Going back to strategy, I would point out that by 2025 the number of refuelling complexes directly owned by the company should reach 52 (they currently stand at 40).

In 2014, we established a joint enterprise with Omsk airport, buying a 50-percent share in the local refuelling complex. We also signed an agreement with Renova Group, the managing company of “Airports of the Region”, on construction of a 20,000-tonne-capacity refuelling complex at the new Saratov-Central international airport, being built for the 2018 World Cup, with construction due to start in 2015. The old airport will be closed: it’s located within the city, and its location means it cannot accept high-capacity aircraft.

We also plan to build our own refuelling complex at the Chita-Kadala civil airport, and are currently in the process of appointing project management contractors. Construction is expected to begin in 2015, with the airport being brought into operation in 2017.

— Do you have any plans for expansion in the Russian Far East?

— We have to be realistic. Our furthest enterprise towards the east is the Omsk Refinery: transporting fuels to the Far East from there is not profitable. The furthest point for us is Chita.

— How are things developing with the Ministry of Defence?

— We carry out work at aerodromes owned by the Ministry of Defence of the Russian Federation, fulfilling our obligations in terms of timely aviation refuelling as well as modernisation of production facilities. Refuelling complexes are being built, as well as modern laboratories for quality monitoring of aviation fuels, and we’re buying new fuel tankers.

— Is your business impacted by fluctuations in seasonal demand?

— We haven’t really noticed any seasonal fluctuations for the last three years. People have started flying more, with mobility increasing by about 10–12 percent per year — as it has, incidentally, in several Asian countries. In Europe, the increase is about two to three percent. That’s for 2013.

— And 2014??

— It’s too early to draw any conclusions. But airlines carried more passengers in the first nine months of 2014 than in the same period the preceding year, mainly on the basis of growth in domestic passenger traffic. International flights are also up, but to a lesser extent. Freight transport is more or less unchanged. New routes are being used, as the regional network gets re-established. We’re currently working on the possibility of developing aviation gasoline (avgas). This fuel, essential for small aircraft, is currently only available exclusively on import.

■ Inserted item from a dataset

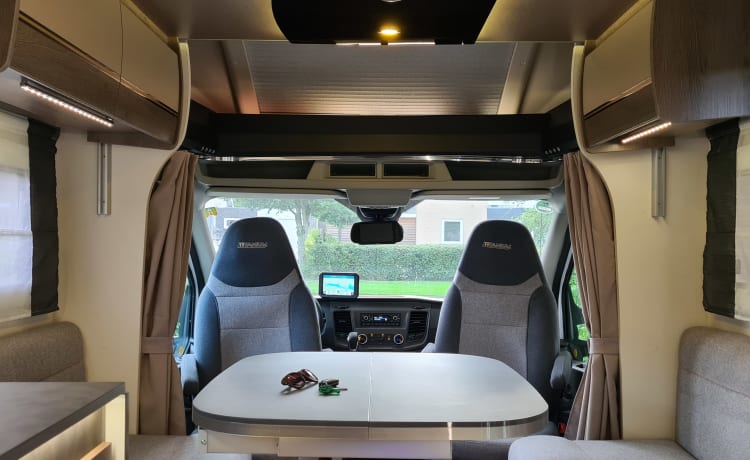 Melrooy – Luxe, compleet uitgeruste Chausson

— What tankers do you use?

— We do not use a single foreign-produced tanker within the domestic market. We buy them from Aviatechnology, a company from Stupino. They make them themselves (only the chassis are made in Kaluga, at the Volvo factory, and they also buy in pumps), with each tanker adapted to meet the customer’s specific requirements. They’re currently the best producers of that kind of equipment, and we’re their biggest customer.

— How are your training initiatives going?

— Together with the IATA Fuel Quality Pool (IFQP, a group of airlines that actively share fuel inspection reports and workload at locations worldwide), in October 2014 we held — for what was, already, the sixth time — training sessions in airport refuelling, at our own refuelling complex in Novosibirsk, at Tolmachevo International Airport. This is the only such initiative in Russia delivering training in aviation refuelling to international standards, and the training facility in Novosibirsk is one of only four in the world certified by IATA for that purpose.

We pay particular attention to the continued professional development of our production specialists. Under the auspices of the Ulyanovsk Higher Civil Aviation School we have established an education centre, allowing the ongoing training of Gazprom Neft specialists in aviation refuelling. Specialist educational programmes have been developed, and a practical training facility established. Some 100 Gazprom Group specialists go through this facility every year.

— And what are your plans for 2014?

— We expect to have delivered more than 450,000 tonnes of aviation fuels for foreign airlines’ flights in Russia — more than double the levels of 2013. We’re working on a range of international projects. In other words, we’re moving forward.